▸ Task item
From the line bearing "ПКЕ 222-3-У2-IP54 (красный гриб)" down to the final line of the records below, give every line again exactly and add nothing.

▸ Provided records
++++++++++

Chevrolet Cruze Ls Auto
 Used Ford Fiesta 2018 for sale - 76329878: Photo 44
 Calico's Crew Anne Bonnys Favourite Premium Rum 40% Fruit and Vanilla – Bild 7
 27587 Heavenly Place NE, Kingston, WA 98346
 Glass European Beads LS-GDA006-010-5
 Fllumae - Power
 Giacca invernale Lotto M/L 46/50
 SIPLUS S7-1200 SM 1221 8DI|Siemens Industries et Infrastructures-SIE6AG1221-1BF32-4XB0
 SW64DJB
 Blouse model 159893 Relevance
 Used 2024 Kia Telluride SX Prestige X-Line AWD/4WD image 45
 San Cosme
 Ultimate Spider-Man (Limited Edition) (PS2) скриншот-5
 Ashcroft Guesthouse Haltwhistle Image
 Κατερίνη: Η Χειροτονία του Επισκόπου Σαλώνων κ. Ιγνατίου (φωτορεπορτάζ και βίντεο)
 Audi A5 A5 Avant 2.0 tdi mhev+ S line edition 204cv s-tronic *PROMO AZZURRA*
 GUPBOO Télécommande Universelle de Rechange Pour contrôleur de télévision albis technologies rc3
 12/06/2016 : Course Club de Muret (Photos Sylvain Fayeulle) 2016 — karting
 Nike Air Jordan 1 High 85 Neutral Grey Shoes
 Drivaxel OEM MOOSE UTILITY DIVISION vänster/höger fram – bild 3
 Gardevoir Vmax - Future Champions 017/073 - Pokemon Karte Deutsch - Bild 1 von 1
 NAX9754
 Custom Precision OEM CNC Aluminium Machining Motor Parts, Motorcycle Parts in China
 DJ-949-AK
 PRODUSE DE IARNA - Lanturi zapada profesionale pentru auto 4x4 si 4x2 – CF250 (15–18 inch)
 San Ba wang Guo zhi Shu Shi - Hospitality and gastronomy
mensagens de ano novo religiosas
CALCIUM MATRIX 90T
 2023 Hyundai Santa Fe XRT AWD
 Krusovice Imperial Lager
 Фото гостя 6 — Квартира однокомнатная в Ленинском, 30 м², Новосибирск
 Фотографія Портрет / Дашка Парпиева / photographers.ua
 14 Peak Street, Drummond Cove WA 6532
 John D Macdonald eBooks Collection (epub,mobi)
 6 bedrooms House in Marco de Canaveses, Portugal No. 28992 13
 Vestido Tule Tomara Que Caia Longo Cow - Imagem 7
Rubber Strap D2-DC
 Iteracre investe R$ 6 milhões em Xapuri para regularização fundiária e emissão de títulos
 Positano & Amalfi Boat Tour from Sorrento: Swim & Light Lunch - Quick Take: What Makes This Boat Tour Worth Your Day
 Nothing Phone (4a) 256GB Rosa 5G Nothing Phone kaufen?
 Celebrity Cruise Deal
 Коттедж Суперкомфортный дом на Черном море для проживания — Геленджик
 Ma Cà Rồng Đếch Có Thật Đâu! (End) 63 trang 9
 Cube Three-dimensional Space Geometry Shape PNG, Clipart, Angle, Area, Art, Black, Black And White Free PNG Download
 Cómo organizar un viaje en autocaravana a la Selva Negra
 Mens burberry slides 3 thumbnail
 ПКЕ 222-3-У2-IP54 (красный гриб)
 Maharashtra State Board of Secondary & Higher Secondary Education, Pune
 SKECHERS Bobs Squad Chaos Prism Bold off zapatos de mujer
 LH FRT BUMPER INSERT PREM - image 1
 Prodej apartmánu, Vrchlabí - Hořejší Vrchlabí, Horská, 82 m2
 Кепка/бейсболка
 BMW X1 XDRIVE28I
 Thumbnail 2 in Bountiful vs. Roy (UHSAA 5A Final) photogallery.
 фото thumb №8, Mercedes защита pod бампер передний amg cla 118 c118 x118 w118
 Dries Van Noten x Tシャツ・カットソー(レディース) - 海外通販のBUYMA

++++++++++

▸ Result of the exercise
 ПКЕ 222-3-У2-IP54 (красный гриб)
 Maharashtra State Board of Secondary & Higher Secondary Education, Pune
 SKECHERS Bobs Squad Chaos Prism Bold off zapatos de mujer
 LH FRT BUMPER INSERT PREM - image 1
 Prodej apartmánu, Vrchlabí - Hořejší Vrchlabí, Horská, 82 m2
 Кепка/бейсболка
 BMW X1 XDRIVE28I
 Thumbnail 2 in Bountiful vs. Roy (UHSAA 5A Final) photogallery.
 фото thumb №8, Mercedes защита pod бампер передний amg cla 118 c118 x118 w118
 Dries Van Noten x Tシャツ・カットソー(レディース) - 海外通販のBUYMA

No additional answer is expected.